(Stored data)
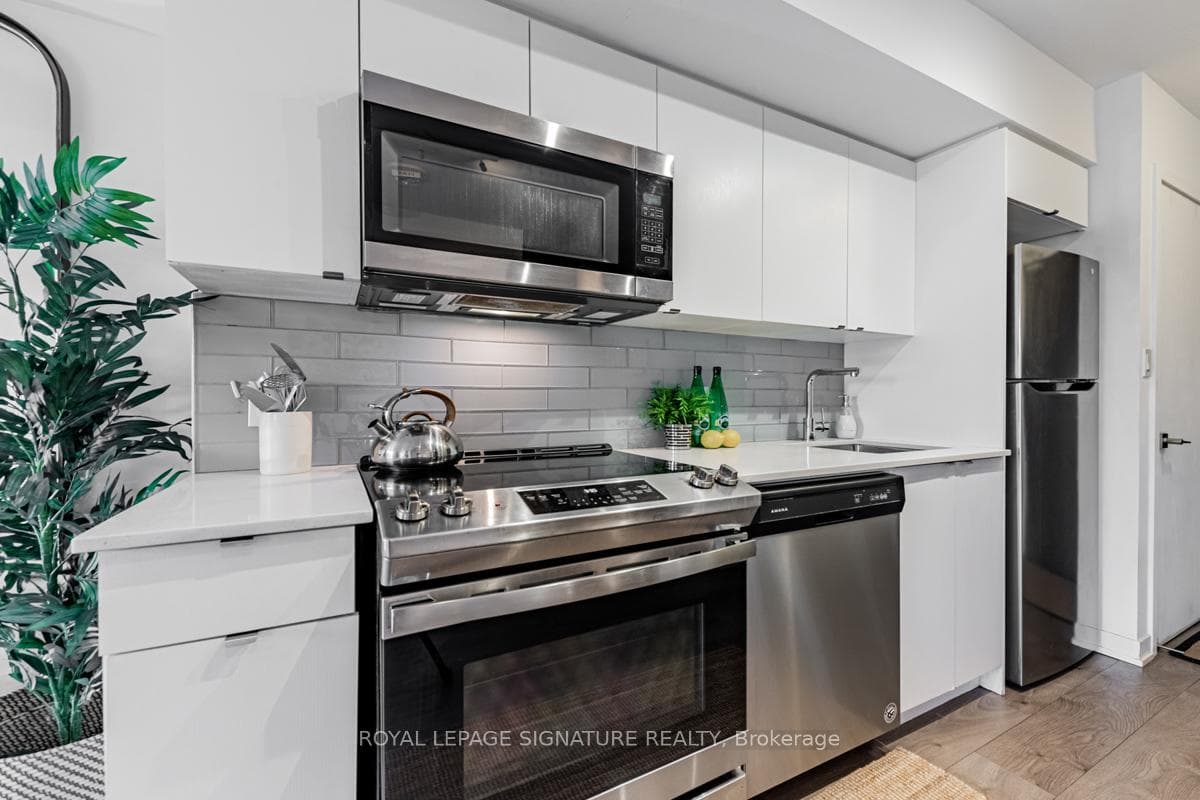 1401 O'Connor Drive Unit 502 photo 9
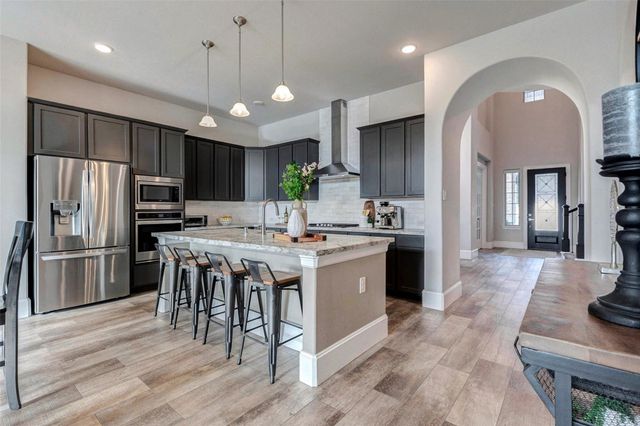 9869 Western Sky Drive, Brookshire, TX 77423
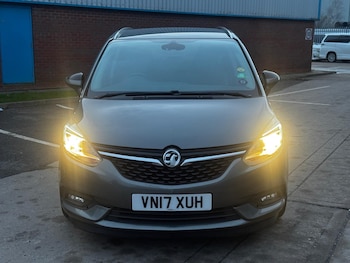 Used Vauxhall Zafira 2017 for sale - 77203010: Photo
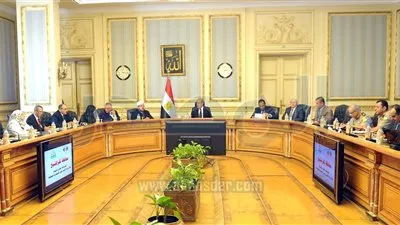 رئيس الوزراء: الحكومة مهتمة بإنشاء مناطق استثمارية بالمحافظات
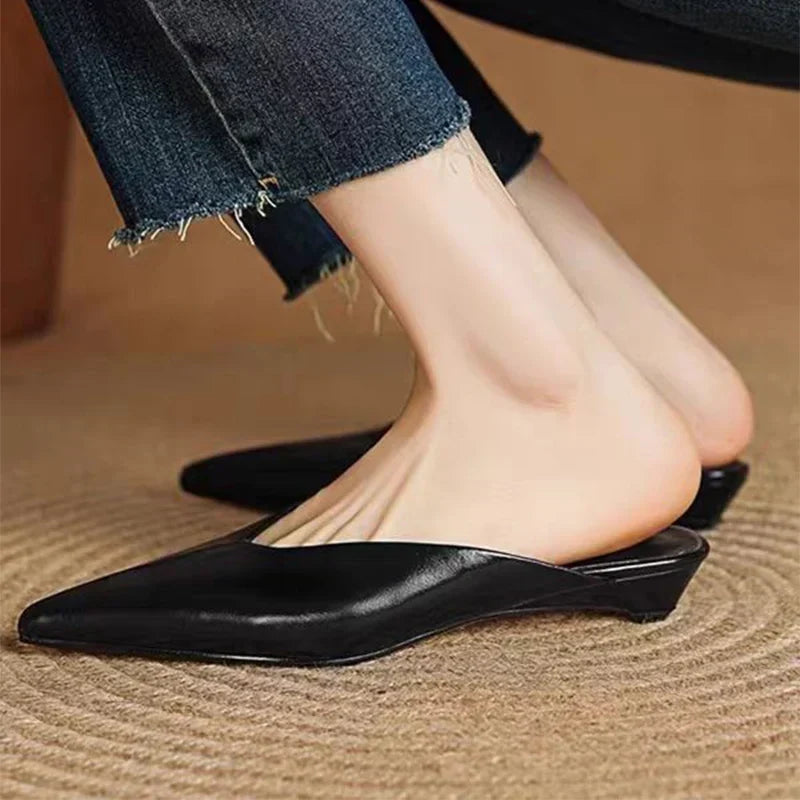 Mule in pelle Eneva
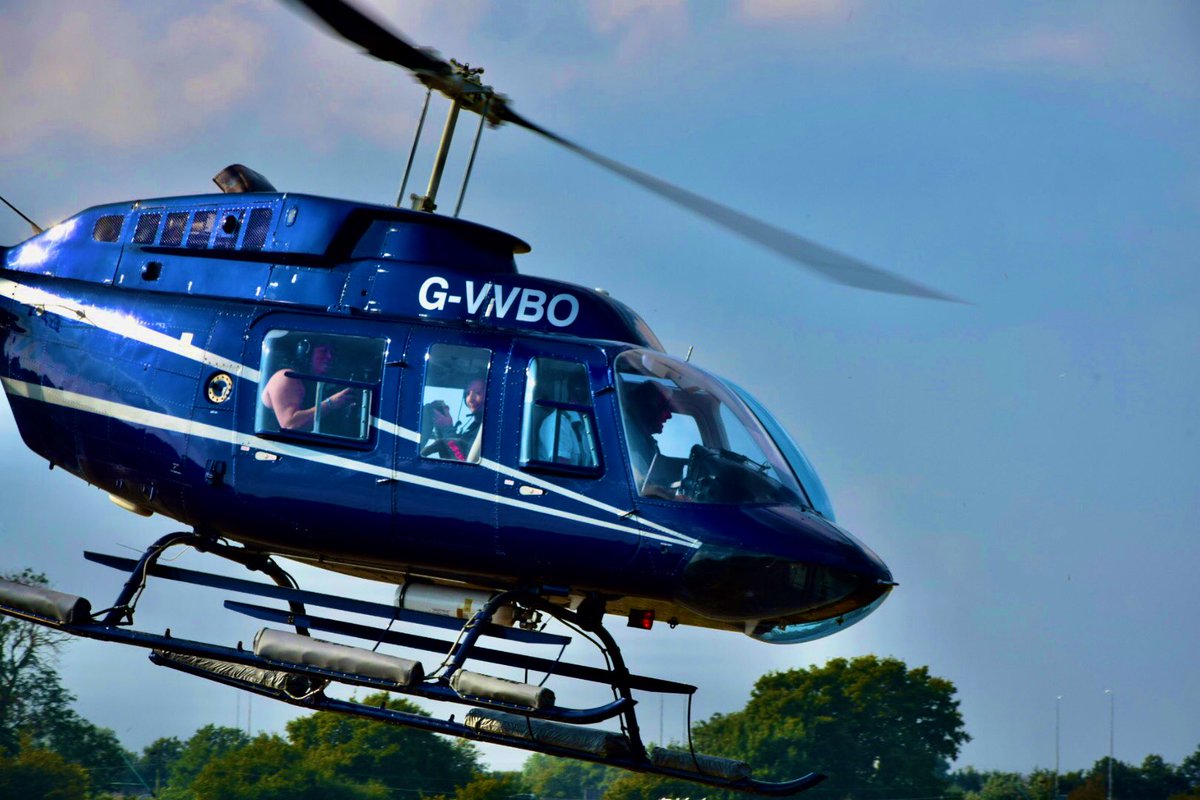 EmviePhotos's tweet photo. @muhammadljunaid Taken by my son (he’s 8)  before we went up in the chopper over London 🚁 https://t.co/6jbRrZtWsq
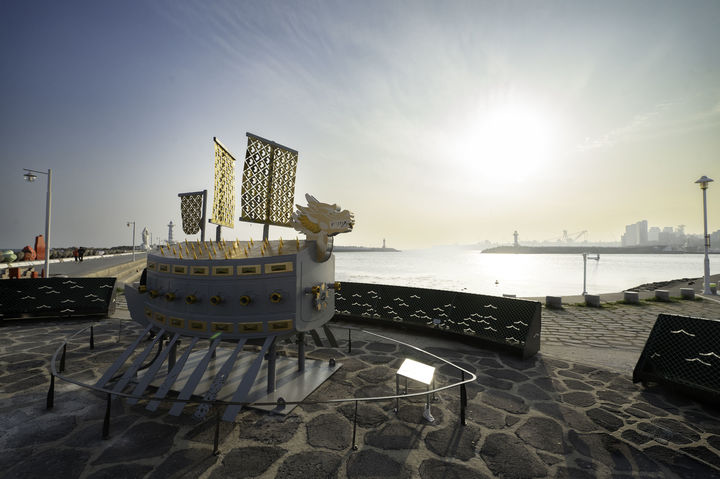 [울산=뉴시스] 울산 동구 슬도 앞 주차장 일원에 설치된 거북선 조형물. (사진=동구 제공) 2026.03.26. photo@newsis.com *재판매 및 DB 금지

-- WORK ORDER --
An exact retyping of each record, with no pictures, is the answer required.

-- RESPONSE BOX --
 1401 O'Connor Drive Unit 502 photo 9
 9869 Western Sky Drive, Brookshire, TX 77423
 Used Vauxhall Zafira 2017 for sale - 77203010: Photo
 رئيس الوزراء: الحكومة مهتمة بإنشاء مناطق استثمارية بالمحافظات
 Mule in pelle Eneva
 EmviePhotos's tweet photo. @muhammadljunaid Taken by my son (he’s 8)  before we went up in the chopper over London 🚁 https://t.co/6jbRrZtWsq
 [울산=뉴시스] 울산 동구 슬도 앞 주차장 일원에 설치된 거북선 조형물. (사진=동구 제공) 2026.03.26. photo@newsis.com *재판매 및 DB 금지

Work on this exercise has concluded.